=== Task prompt ===
Repeat every line of the data exactly, but not the pictures.

=== Information provided ===
___

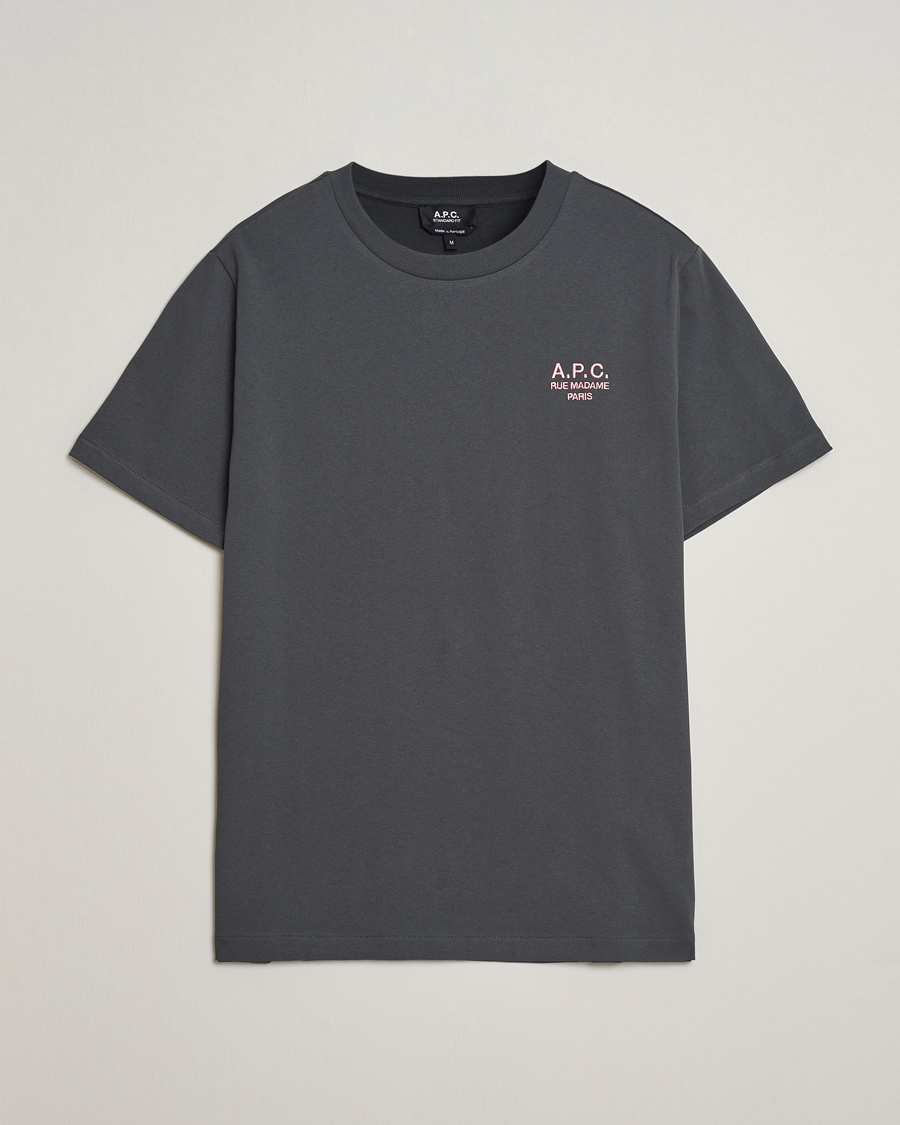 Herre | T-Shirts | A.P.C. | Rue Madame T-Shirt Anthracite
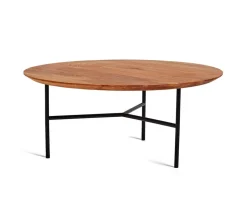 Tribeca Soffbord 80 cm Oljad rustik ek | Ben svarta
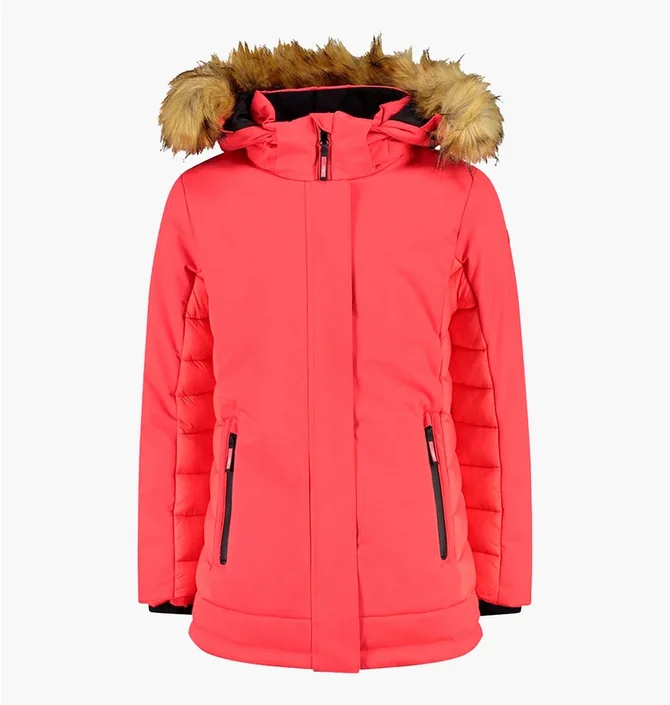 Куртка дитяча CMP Jacket Snaps Hood Twill Pink 34K3385-B812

___

=== Result of this task ===
 Herre | T-Shirts | A.P.C. | Rue Madame T-Shirt Anthracite
 Tribeca Soffbord 80 cm Oljad rustik ek | Ben svarta
 Куртка дитяча CMP Jacket Snaps Hood Twill Pink 34K3385-B812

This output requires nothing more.